Syntax
- · Exclamatory Sentence: “Sophisticated – God, I’m sophisticated!” (Fitzgerald 17).
- · Polysyndeton and Epistrophe: “And I know. I’ve been everywhere and seen everything and done everything” (17).
Daisy seems overly obsessed
with becoming “sophisticated” and maintaining her high status that comes with
living in the East Egg. By possessing a pretentious attitude and claiming that
she is the most knowledgeable and experienced person in the world, she is
trying to make the type of person she wants to be – an aristocratic, high-class
New York woman – a reality. Even more significantly, the exclamation reveals
that Daisy is indeed quite unhappy with her life because she repeats the word
“sophisticated” twice, as if she is reassuring herself that she is of the upper-class.
Fitzgerald embeds this quote into the novel early on in order to set Daisy up
as a woman who lacks self-confidence, is unsatisfied in life, and desperately
wants to be seen as high-class because these ideas will change how the reader
views other events that occur with Daisy, such as her refusal to deny loving
Tom and her affair with Gatsby. Her repetition of the prefix “every” and the
word “everything” further the idea that the she thinks she is all-knowing and
can excel at the highest level at everything in life, and the inclusion of
“and” several times seems to make this list even longer. The author uses this
syntax to dismiss the view that Daisy has of herself as completely incorrect,
and to assert that she really is a shallow person who is only concerned with
what happens in her life and therefore, she cannot and truly does not want to
know everything.
- · Zeugma: “ At the enchanted metropolitan twilight I felt a haunting loneliness sometimes, and felt it in others…young clerks in the dusk, wasting the most poignant moments of night and life” (57).
Nick is beginning to feel
overwhelmed and depressed by the city life because the city is so big and
stimulating.
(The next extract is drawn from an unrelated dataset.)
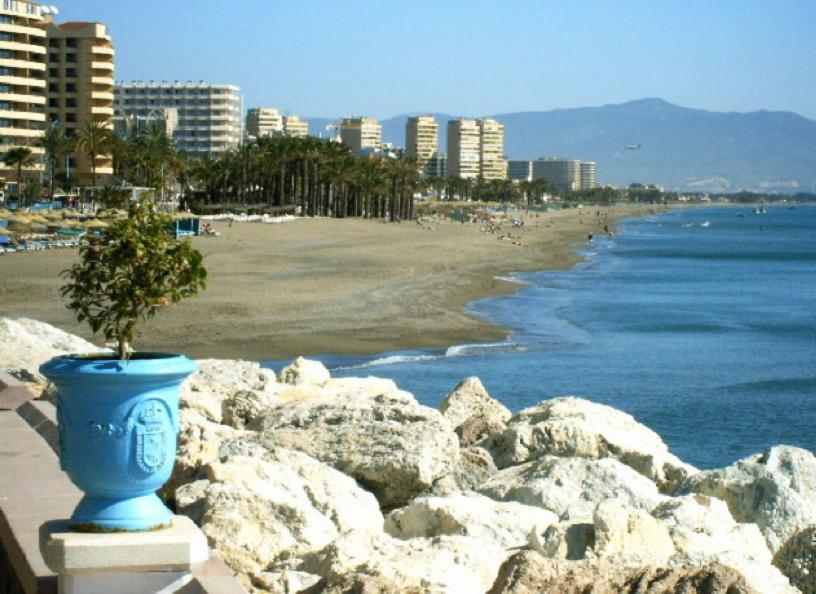 Apartamentos El Mar Azul 5 El Bajondillo Torremolinos Luaran gambar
By utilizing a zeugma, the author stresses that Nick feels that
some young women may be losing too much of their lives by emphasizing the words
“night” and “life” due to the structure of the sentence. Such a comparison –
wasting one short night to wasting one’s entire life – seems almost irrational
and Fitzgerald means it to be drastic because he wants the readers to realize
that he is being ironic. He really is emphasizing that people who preoccupy
themselves with excessive parties and empty social talk are the ones who are
truly wasting their lives, rather than people who may miss out on social events
occasionally because they are working. Fitzgerald yearns for his readers to
consider that one’s existence may not always be simple and filled with fun, and
that everyone must work diligently at times if they wish to improve their lives
– not to say that a person cannot enjoy themselves.